Once you tire of conch, lobster and the ubiquitous Bahamian sides of potato salad, mac and cheese and plantains — this will take approximately three days — a palate-cleanser of tapas and roasted-suckling pig is just what the doctor ordered. Owned by Madrid transplant Miguel Coello, La Hipica is a rare and welcomed culinary outpost, offering delicious garbanzos fritos, gambas al ajillo, and salchicho, among other tapas, as well as burgers and pulled pork sandwiches and a selection of beers and Spanish reds. Hours vary, so call ahead. tripadvisor.com

Dive

Mask, fins and snorkel can be rented for $10 a day at Bahamas Divers, which also offers private charters. A Portuguese sling, the slingshot-like lance used for spearfishing in the islands, can be harder to find, owing to a dearth of good dive shops and sporting goods stores. Your best bet is Delaporte Hardware or Lightbourne Marine downtown. The beaches of Nassau are infested with booze-cruise powerboats, so head to southwestern New Providence to the little known beaches of Clifton Bay, near the Kalik brewery, Adelaide Village, and south Coral Harbour. Crawfish season opens August 1st. bahamasdivers.com

I’m a fair shot with most weapons, but proficiency with a Portuguese sling, the slingshot-like lance used in the Bahamas (pneumatic spears are illegal here), eludes me. Vast stretches of precious coral have fallen under my spear. This has always been a sore spot with Demetri. Today, after several errant shots, a look of dismay comes across his face, which I can see even through his mask and snorkel.

There have been other times like this when the psychic and pulmonary demands of spearfishing seem beyond me. But at midday, when a mutant lobster-donkey hybrid comes into range, I rear back on my spear like Hector, close my eyes and release. It’s a Hail Mary that miraculously connects. I swim back to the boat triumphantly, careful to hold the lobster at the end of my spear, away from my hand, lest a shark should come along and snatch both.

“Nice one,” is all I get from Demetri.

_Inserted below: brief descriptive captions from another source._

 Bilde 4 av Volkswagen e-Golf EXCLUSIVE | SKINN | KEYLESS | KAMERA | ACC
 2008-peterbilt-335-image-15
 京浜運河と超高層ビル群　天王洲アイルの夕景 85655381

Five minutes later, irony rears its ugly head and I’m speared by a stick of fire coral, which turns my neck an evil shade of crimson. I probably I deserve it.

We spear two dozen lobster in three hours and pluck a few conch from the bottom, their shells glowing alabaster pink in the morning light. Far before Columbus turned up here, the native Lucayans ate conch by the boatful — huge middens of discarded shells survive at their old settlements — and they introduced early colonists to the delicacy, for which they were repaid with wholesale extermination. That’s a culinary lesson to take to heart.

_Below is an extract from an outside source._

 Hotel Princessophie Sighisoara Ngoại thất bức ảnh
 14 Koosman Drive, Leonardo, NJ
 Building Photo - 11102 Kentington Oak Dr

The alleged life-giving qualities of raw conch no doubt contributes to its local esteem, though it doesn’t require mythologizing. If you eat nothing else in the Bahamas, make it a good conch salad, which can be found at any number of seaside shacks in the islands, rinsed down with Nassau-brewed Kalik.

Cleaning our catch onshore, we toss the lobster heads into the waves and pack the tails in ice. That night, my father and I grill them outside with some mackerel and wahoo I’d caught on a spinning rod earlier in the week. Growing up in Michigan, the closest I ever got to this was Red Lobster. It’s a welcome change that I’ve come to love.

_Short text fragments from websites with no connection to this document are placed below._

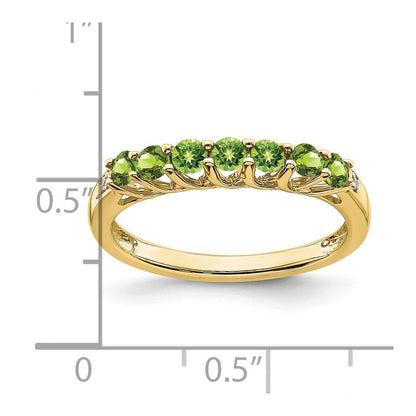 10K Gelbgold Peridot und Diamant 7-stone Ring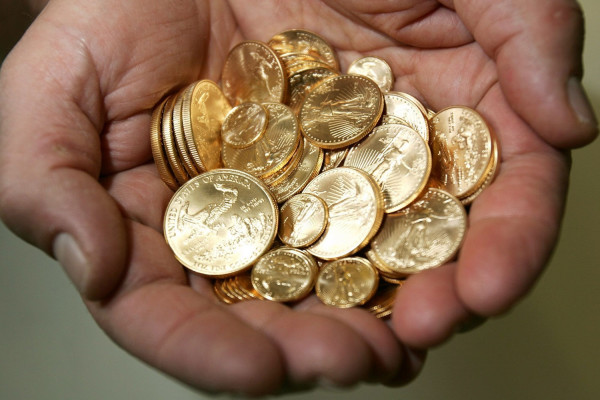 'Ερευνα: Οι 'Ελληνες ξεπουλάνε τις χρυσές τους λίρες!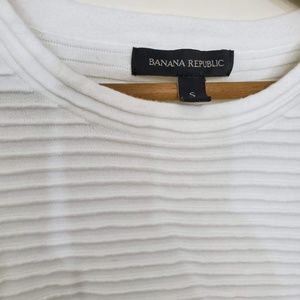 Banana Republic Tops - White Cropped Banana Republic Short Sleeve Sweater Banana Republic Tops - White Cropped Banana Republic Short Sleeve Sweater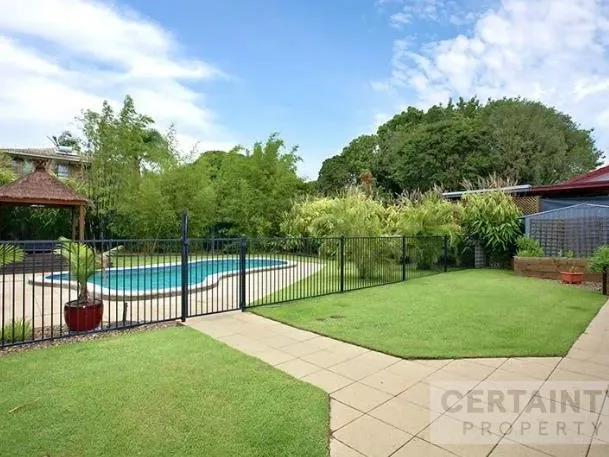 Stunning Family Home With Huge Pool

As we eat, a yellow-crowned night heron stalks the underbrush. Heat lightning — the last vestiges of a recent storm — flashes in the north. We finish with a plate of guava duff, a dense cake filled with pulped guavas and drizzled with a sweet brandy sauce. I eat enough to fail a breathalyzer. My father, a big man, isn’t easily satisfied, but tonight he is. In fact, he’s happier with a plate of lobster and duff than anything else imaginable. It occurs to me that we represent an odd culinary reversal, our proud Midwestern stockyard palates having been radically transformed by the Bahamas. In the oncoming darkness, with the heat of the day behind us, we are catatonically sated.